→ **TASK TO COMPLETE**
Extract the line that contains "Модуль памяти A-Tech" and every line after it through the end of the records below, exactly as written, leaving out any pictures.

** SOURCE MATERIAL follows **

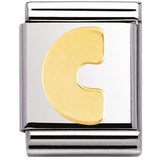 Nomination Big Size Gold Initial Charm SALE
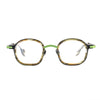 Naza Retro Polygon Titanium Glasses Frame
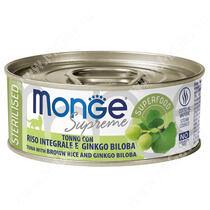 Консервы Monge Supreme Sterilized из тунца с бурым рисом и гинкго билоба, 80 г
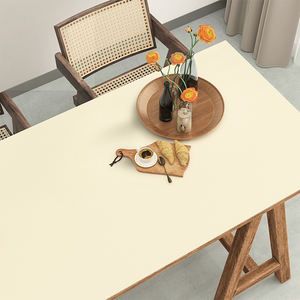 轻奢皮革餐桌垫办公室白色硅胶电脑桌面垫书桌桌布防水防油免洗垫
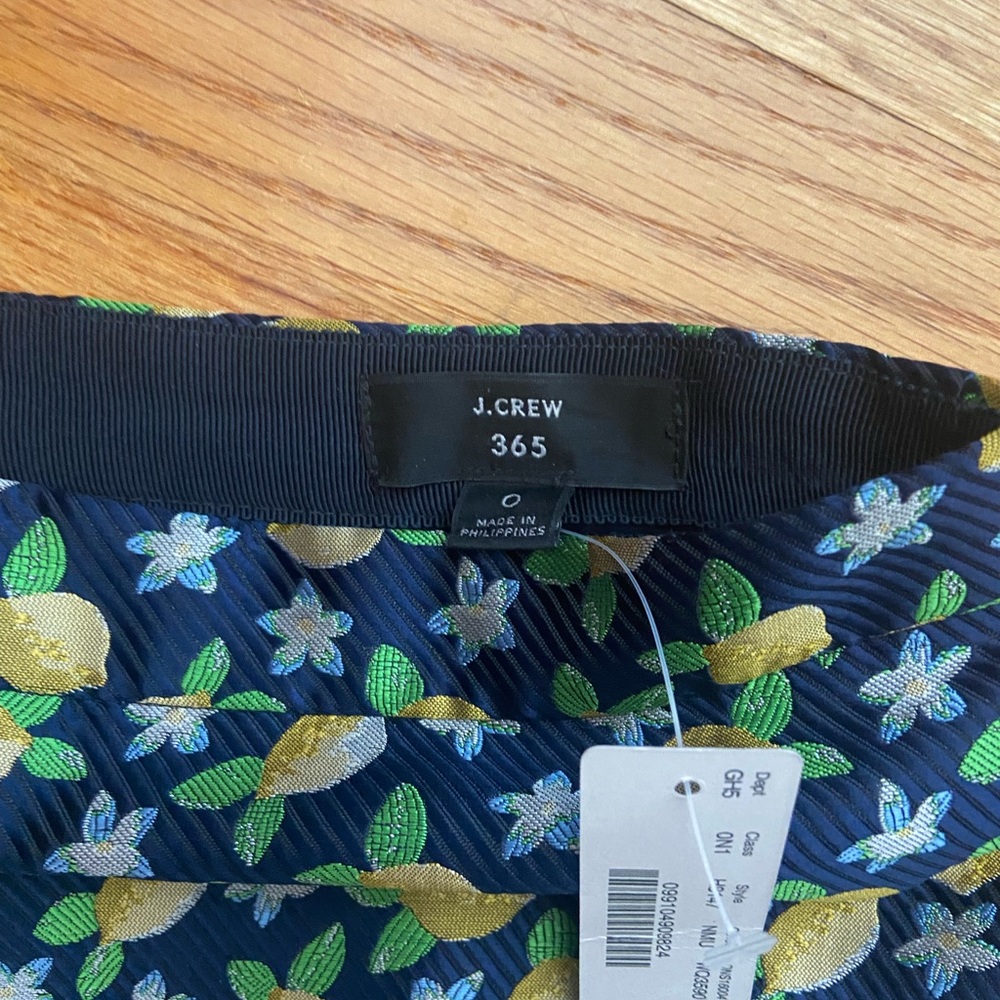 NWT J. CREW Lemon Jacquard Ruffle Hem Skirt - Picture 10 of 12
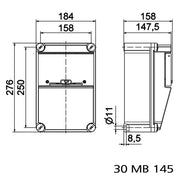 Bals Elektrotech - Leergehäuse 61402 276X184mm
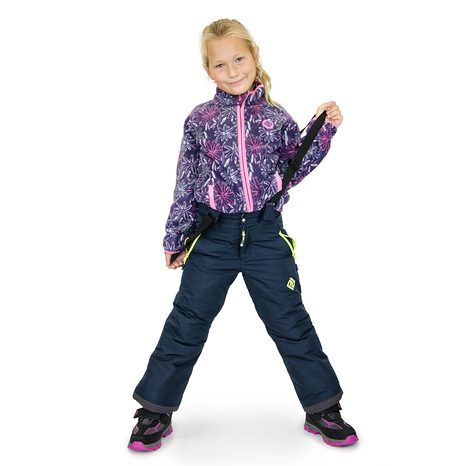 ZIMNÉ LYŽIARSKE NOHAVICE PRE CHLAPCOV, PIDILIDI, PD1105-04, TMAVOMODRÁ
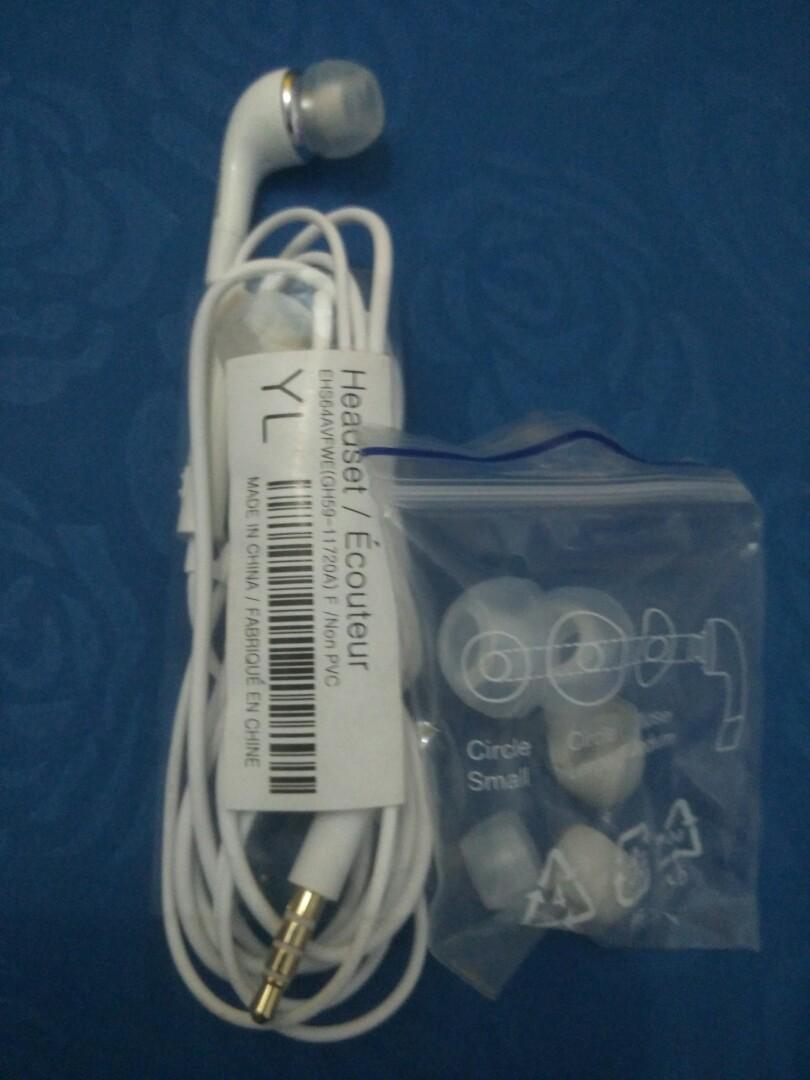Headset Samsung Ori Bawaan Hp Elektronik Bagian Komputer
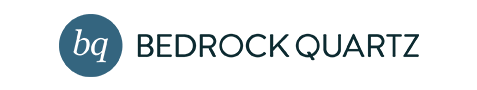 Bedrock Quartz Company Logo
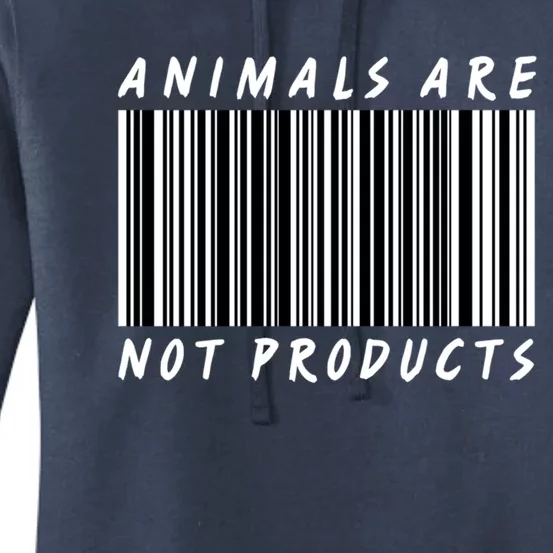 Animals Are Not Products Funny Gift Vegan Activist Cute Gift Women's Pullover Hoodie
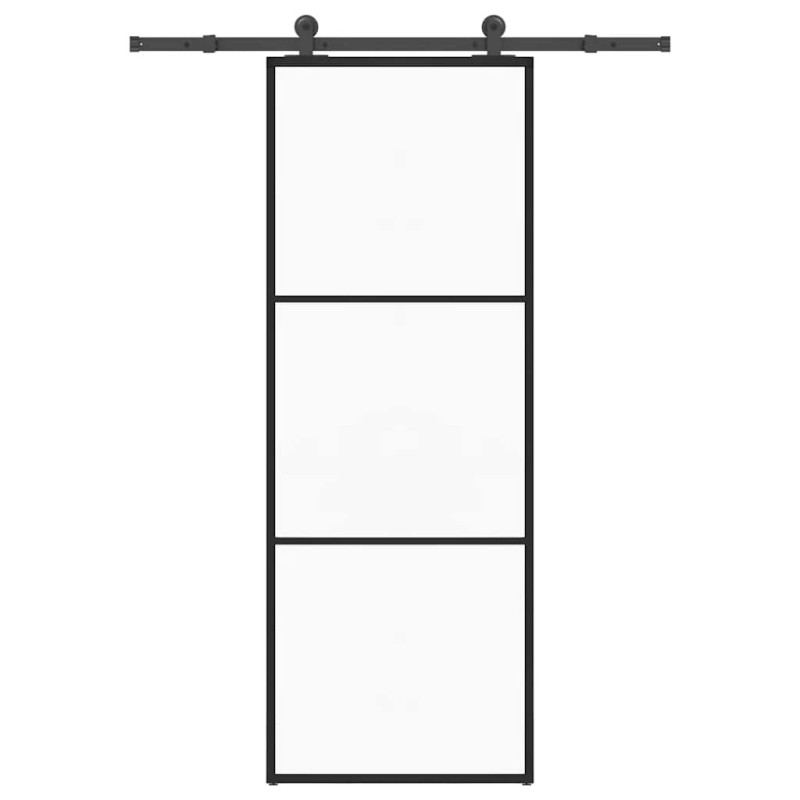 Porte coulissante avec kit de quincaillerie 76x205 cm Verre ESG 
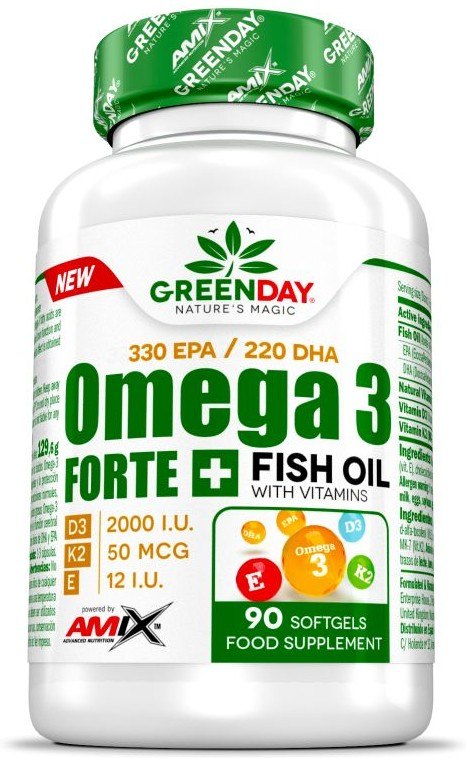 Amix Greenday OmÃ©ga 3 Forte + 90 Caps-image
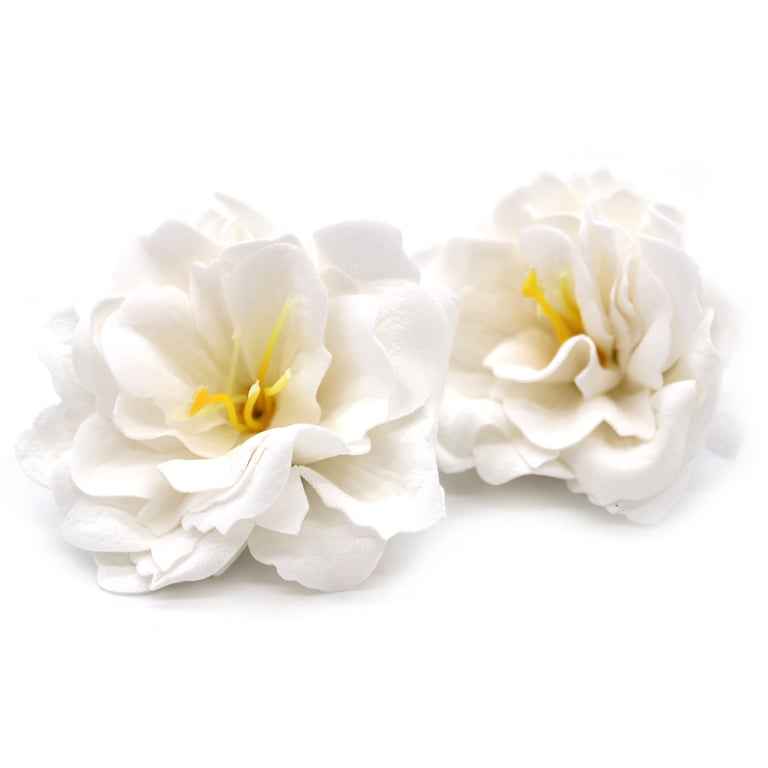 Handmade Small White Peony Craft Soap Flower Gift
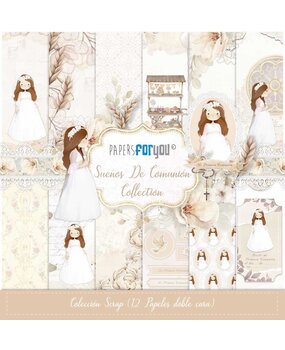 Papers For You Sueños De Comunión Niña Pelirroja Scrap Paper Pack (12pcs) (PFY-13395) (DISCONTINUED)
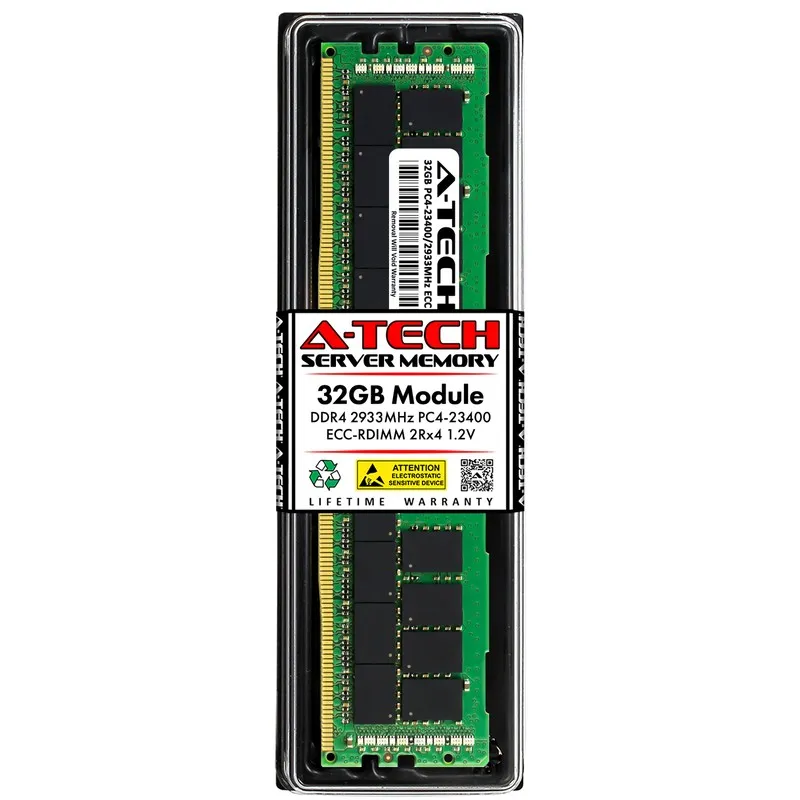 Модуль памяти A-Tech 8GB 1Rx8 PC4-23400R RDIMM DDR4 2933 MHz ECC Registered Serv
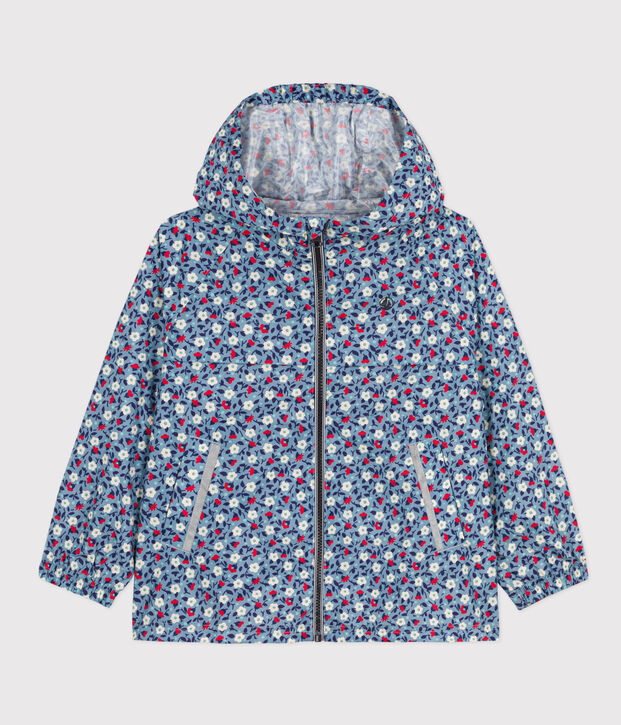 Cortavientos de material reciclado para ni&ntilde;a azul/multicolor
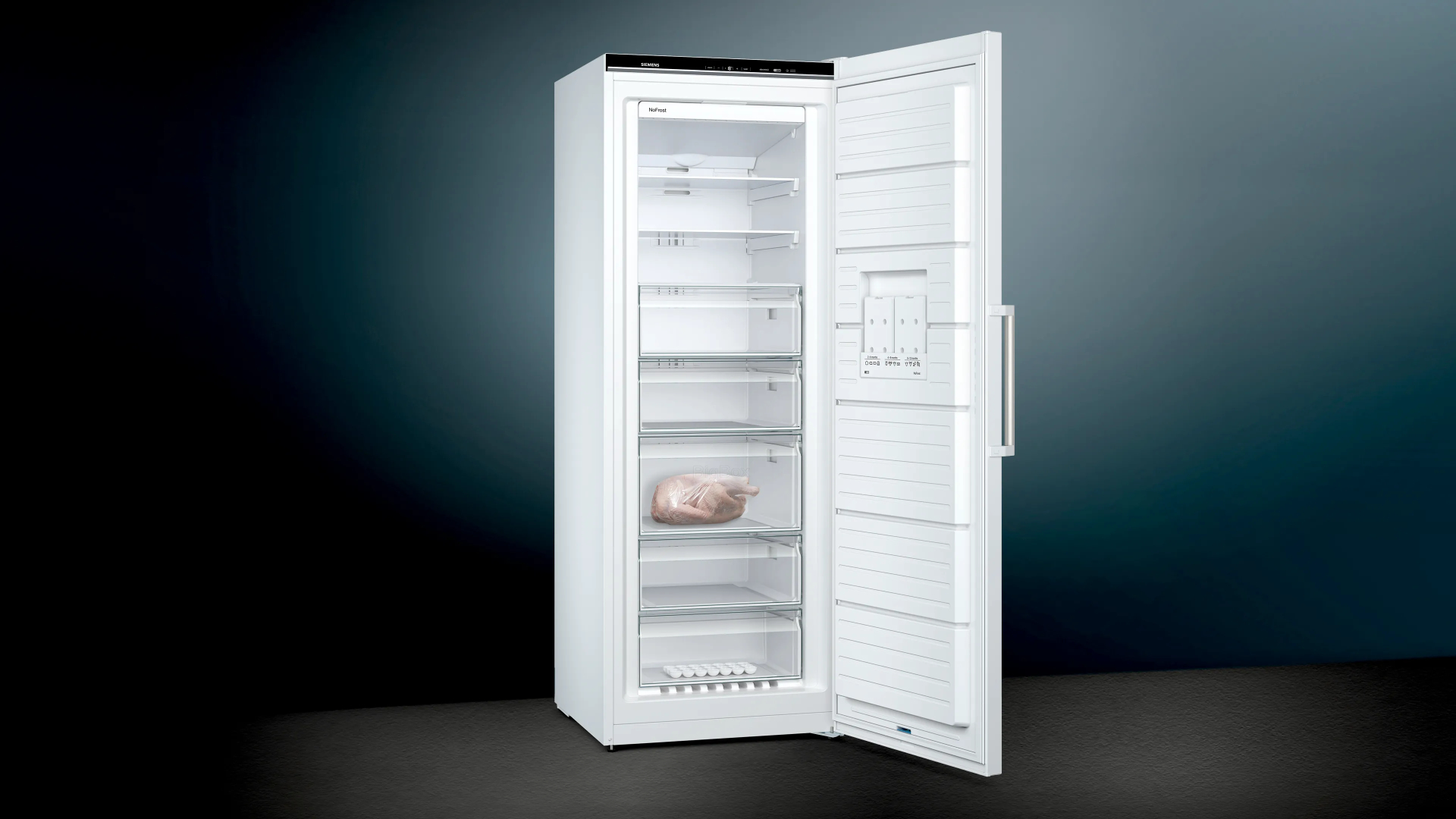 SIEMENS IQ500 vrijstaande vriezer - 191cm - GS58NDWDP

** End of SOURCE MATERIAL **

→ **OUTPUT OF THE TASK**
 Модуль памяти A-Tech 8GB 1Rx8 PC4-23400R RDIMM DDR4 2933 MHz ECC Registered Serv
 Cortavientos de material reciclado para ni&ntilde;a azul/multicolor
 SIEMENS IQ500 vrijstaande vriezer - 191cm - GS58NDWDP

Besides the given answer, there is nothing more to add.